India’s purchases of sanctioned Russian petroleum declined significantly in late 2025 as the country navigated an increasingly complex international trade environment. Data shows that US crude imports to India surged by 65.6% to $8.2 billion during April-December 2025, while Russian crude imports contracted by more than 17%, falling from $40 billion to $33.1 billion year-on-year.
December 2025 witnessed the acceleration of this decline. Russian crude shipments to India, classified as sanctioned petroleum under US policy, totaled $2.71 billion, down 15.15% from $3.2 billion in December 2024 and down more than 35% from November 2025’s $3.72 billion.
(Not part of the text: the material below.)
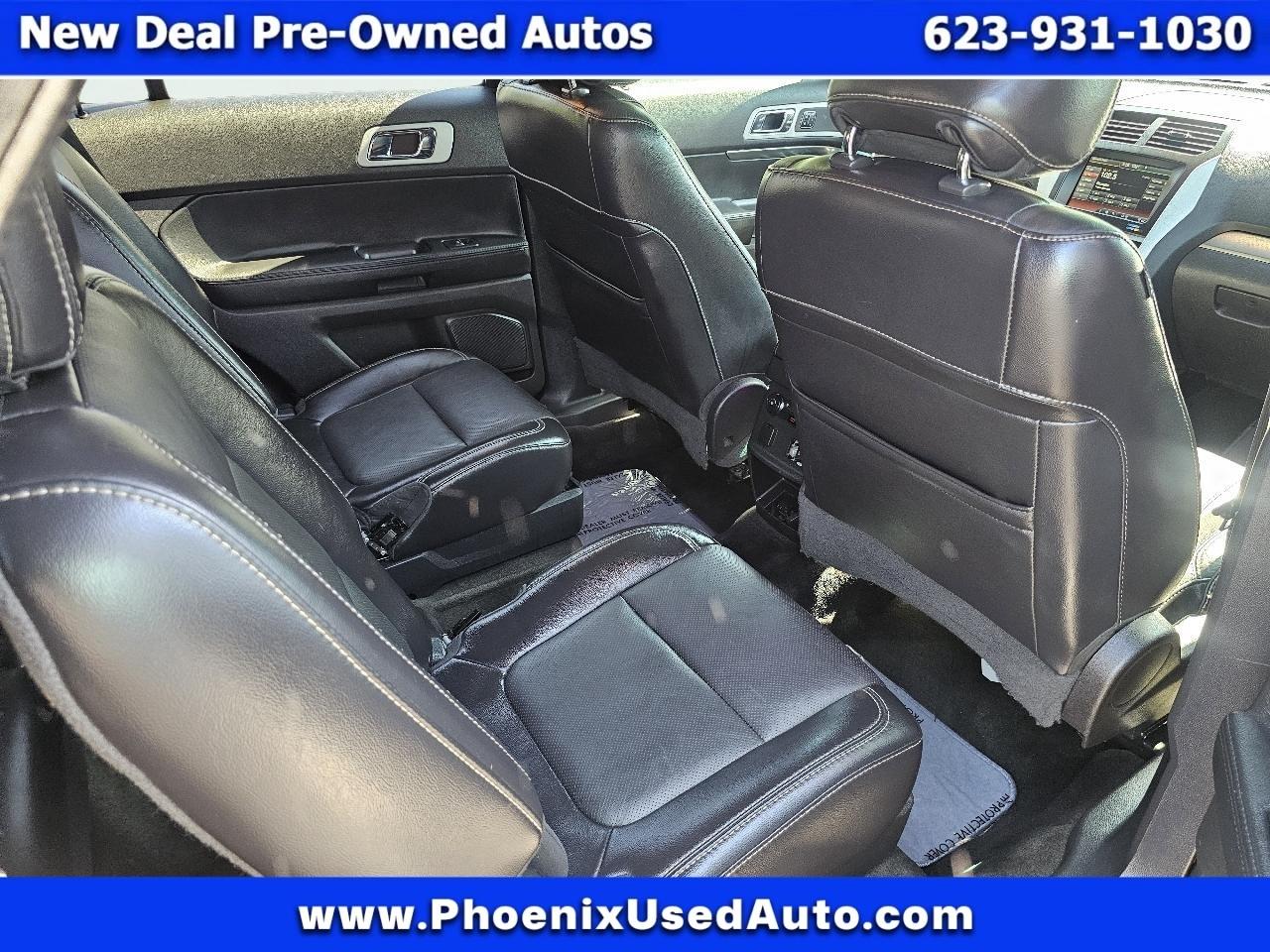 Ford Explorer Sport 4WD 2014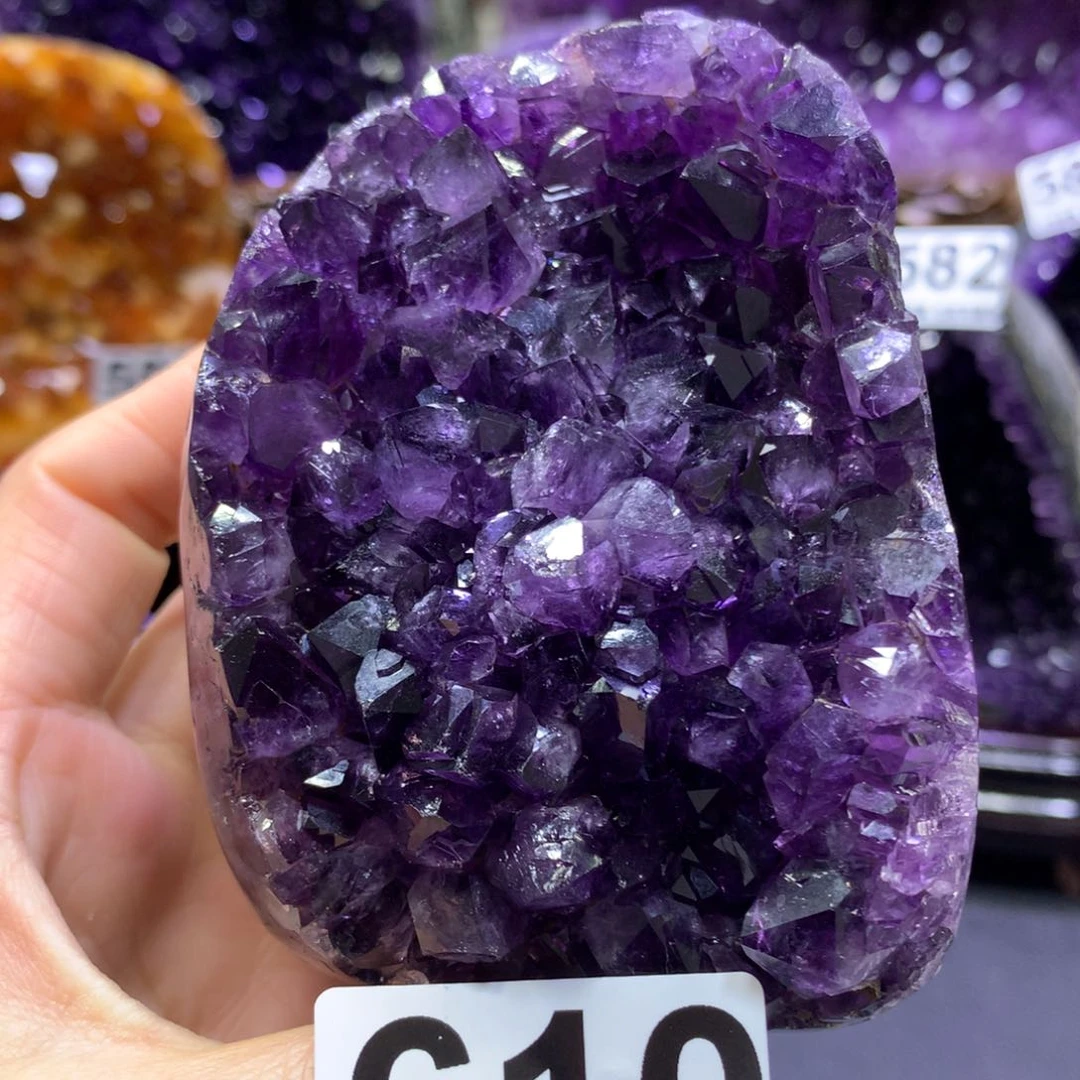水晶摆件未镶嵌水晶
Russia became the only supplier among India’s top five to record negative growth.
Non-sanctioned suppliers expanded their market presence. Saudi Arabia achieved exceptional growth of 61%, delivering crude worth $1.75 billion in December 2025. The United States posted a 31% increase to $569.30 million. Iraq contributed $2.37 billion, up 4.56%, while the UAE supplied $1.65 billion, reflecting a 6% annual rise.
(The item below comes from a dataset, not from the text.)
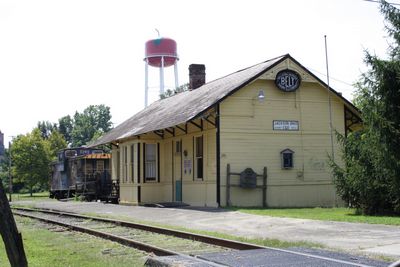 C&O Jackson depot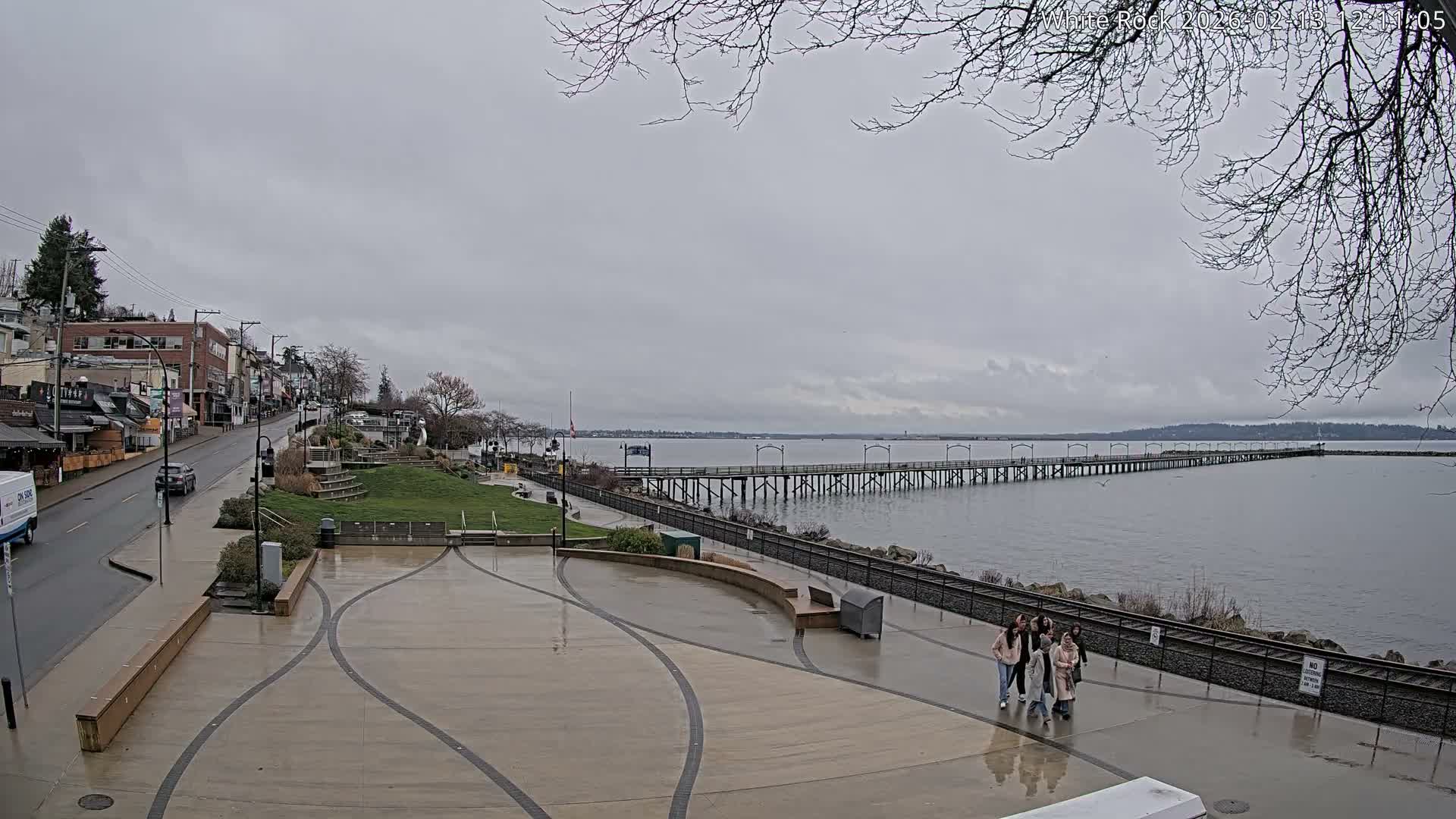 White Rock City & Pier Live Cam - White Rock, Metro Vancouver, British Columbia, Canada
The decline in sanctioned petroleum purchases appears directly linked to the US imposition of a 25% punitive tariff on Indian goods on August 27, 2025, explicitly designed to deter India from purchasing sanctioned Russian petroleum. This created a complex trade environment where economic benefits of discounted Russian crude were offset by broader trade consequences. Russian crude imports declined from $3.62 billion in July 2025 to $2.71 billion in December 2025.
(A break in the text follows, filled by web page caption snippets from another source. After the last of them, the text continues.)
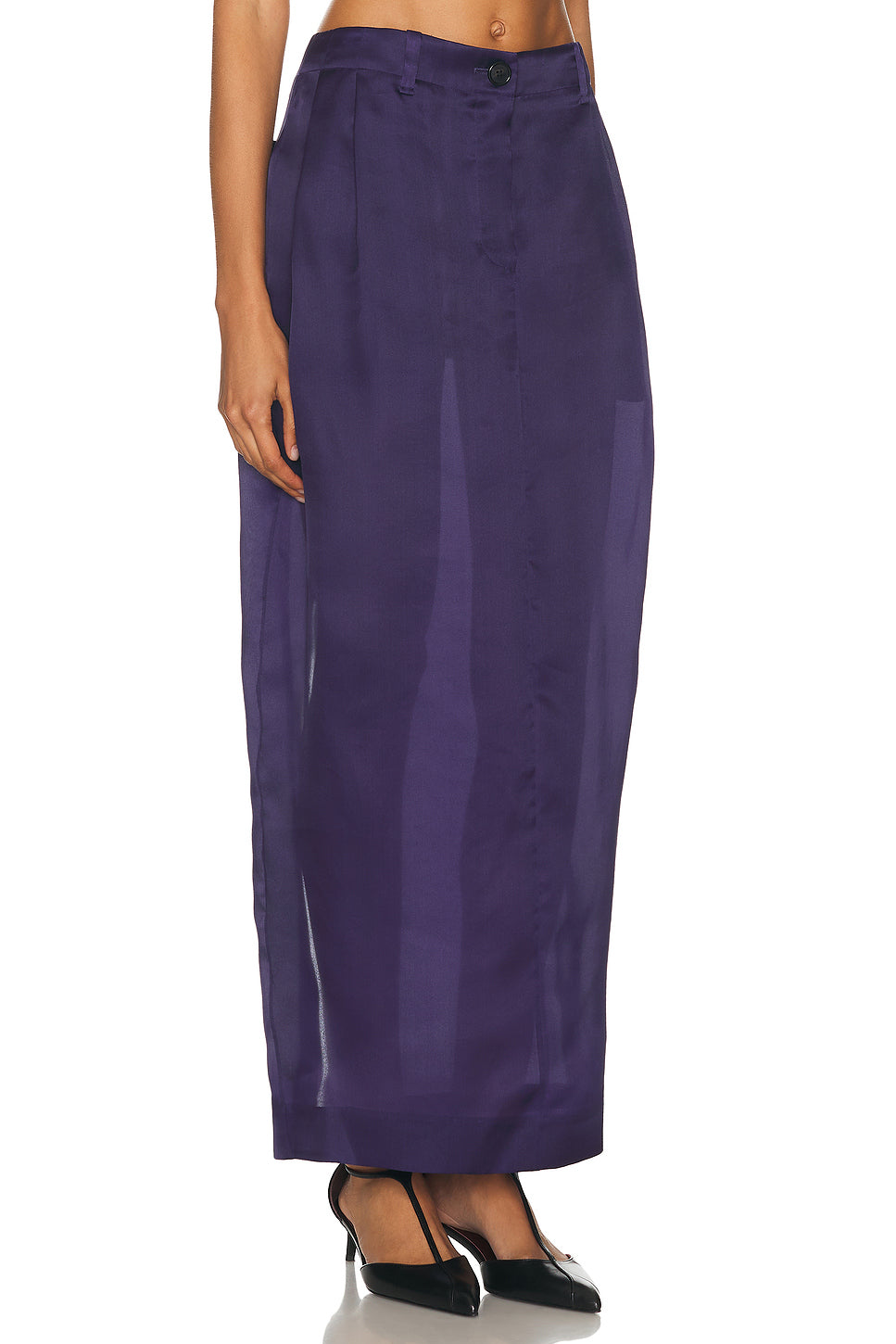 Lucian Organza Skirt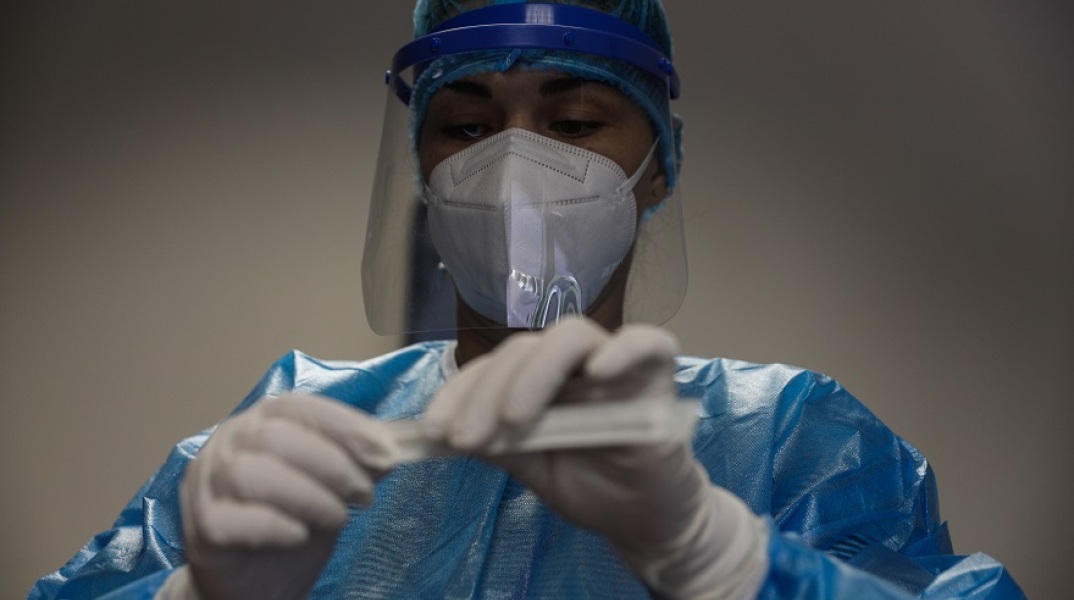 τεστ για τον κορωνοϊό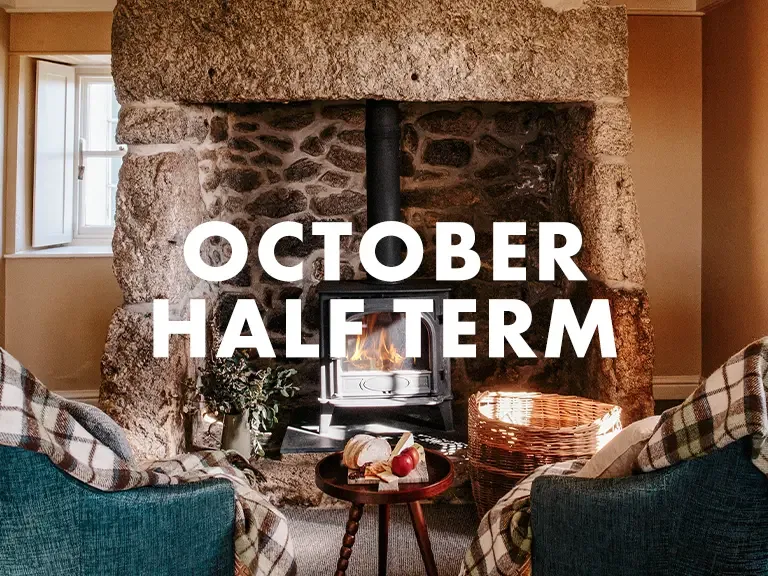 Up to 30% off October Half Term*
India’s total crude oil imports from all sources reached $11.29 billion in December 2025, up 9.1% from $10.34 billion in December 2024. Cumulative imports for April-December 2025 totaled $105.10 billion, compared to $109.33 billion in the corresponding period of 2024. The reduction in sanctioned petroleum purchases reflects India’s navigation of complex trade considerations.